AVAILABLE DATA Block Start

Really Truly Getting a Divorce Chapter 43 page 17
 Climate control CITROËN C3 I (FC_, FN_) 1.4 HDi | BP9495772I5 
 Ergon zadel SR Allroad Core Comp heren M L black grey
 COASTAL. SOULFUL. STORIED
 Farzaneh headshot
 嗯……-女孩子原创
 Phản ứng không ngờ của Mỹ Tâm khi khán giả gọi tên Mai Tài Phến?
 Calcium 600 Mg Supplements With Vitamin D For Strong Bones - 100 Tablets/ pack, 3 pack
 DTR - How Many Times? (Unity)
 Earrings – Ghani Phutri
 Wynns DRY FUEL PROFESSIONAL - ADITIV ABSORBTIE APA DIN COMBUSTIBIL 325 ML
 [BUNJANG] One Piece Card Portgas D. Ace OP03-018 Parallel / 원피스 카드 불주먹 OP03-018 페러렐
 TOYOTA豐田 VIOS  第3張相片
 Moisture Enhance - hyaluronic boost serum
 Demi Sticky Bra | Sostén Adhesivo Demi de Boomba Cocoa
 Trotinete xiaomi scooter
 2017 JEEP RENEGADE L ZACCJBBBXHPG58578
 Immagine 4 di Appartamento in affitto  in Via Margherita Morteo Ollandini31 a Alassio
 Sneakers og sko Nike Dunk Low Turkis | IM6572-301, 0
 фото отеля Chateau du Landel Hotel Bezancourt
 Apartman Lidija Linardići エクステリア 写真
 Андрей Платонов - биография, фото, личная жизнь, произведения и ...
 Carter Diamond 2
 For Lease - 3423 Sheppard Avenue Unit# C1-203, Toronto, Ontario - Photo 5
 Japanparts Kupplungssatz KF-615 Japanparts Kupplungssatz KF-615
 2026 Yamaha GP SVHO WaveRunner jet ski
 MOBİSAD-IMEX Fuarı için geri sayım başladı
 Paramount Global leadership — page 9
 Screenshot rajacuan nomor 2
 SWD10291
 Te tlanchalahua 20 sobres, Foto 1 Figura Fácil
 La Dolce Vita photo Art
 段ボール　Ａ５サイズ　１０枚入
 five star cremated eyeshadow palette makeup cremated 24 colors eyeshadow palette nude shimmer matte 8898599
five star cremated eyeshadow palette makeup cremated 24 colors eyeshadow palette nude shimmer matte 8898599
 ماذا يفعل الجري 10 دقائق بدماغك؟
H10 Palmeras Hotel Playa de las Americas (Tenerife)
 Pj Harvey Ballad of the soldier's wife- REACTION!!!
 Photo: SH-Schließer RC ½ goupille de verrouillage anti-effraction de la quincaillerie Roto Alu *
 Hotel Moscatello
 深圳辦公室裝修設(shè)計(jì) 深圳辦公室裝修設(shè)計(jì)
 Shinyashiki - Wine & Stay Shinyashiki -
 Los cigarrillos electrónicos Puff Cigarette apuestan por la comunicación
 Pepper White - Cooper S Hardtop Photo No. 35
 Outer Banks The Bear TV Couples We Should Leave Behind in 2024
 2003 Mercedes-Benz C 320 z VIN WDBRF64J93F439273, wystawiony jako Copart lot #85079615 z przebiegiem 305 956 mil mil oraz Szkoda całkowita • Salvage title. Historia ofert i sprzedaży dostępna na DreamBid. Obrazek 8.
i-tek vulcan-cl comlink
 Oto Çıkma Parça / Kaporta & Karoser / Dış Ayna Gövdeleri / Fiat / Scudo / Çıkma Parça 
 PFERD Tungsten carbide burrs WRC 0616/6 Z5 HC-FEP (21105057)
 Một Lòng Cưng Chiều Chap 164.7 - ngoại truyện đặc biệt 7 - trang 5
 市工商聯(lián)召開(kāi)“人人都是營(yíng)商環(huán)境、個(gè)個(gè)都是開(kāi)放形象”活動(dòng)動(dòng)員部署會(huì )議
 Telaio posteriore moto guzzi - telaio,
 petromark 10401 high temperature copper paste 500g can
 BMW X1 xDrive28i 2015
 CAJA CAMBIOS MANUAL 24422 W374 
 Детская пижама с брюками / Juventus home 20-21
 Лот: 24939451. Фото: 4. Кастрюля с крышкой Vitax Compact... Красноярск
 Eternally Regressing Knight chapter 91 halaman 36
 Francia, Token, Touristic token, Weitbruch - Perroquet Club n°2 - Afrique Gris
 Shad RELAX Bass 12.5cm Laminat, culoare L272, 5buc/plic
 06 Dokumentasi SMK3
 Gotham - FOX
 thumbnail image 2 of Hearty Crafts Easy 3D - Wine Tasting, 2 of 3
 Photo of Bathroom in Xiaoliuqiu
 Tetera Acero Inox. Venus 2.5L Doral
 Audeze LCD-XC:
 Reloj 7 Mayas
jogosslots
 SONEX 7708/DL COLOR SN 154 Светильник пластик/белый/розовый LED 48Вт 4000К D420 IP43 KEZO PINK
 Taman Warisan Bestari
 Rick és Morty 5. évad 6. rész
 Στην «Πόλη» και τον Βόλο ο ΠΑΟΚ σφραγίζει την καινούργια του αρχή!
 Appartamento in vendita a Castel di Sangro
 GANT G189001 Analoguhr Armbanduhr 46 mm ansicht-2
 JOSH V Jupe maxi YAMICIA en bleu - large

AVAILABLE DATA Block End

WHAT YOU HAVE TO DO.
For each line in the entries that holds "matte", return that line.

EXPECTED OUTPUT.
 five star cremated eyeshadow palette makeup cremated 24 colors eyeshadow palette nude shimmer matte 8898599
five star cremated eyeshadow palette makeup cremated 24 colors eyeshadow palette nude shimmer matte 8898599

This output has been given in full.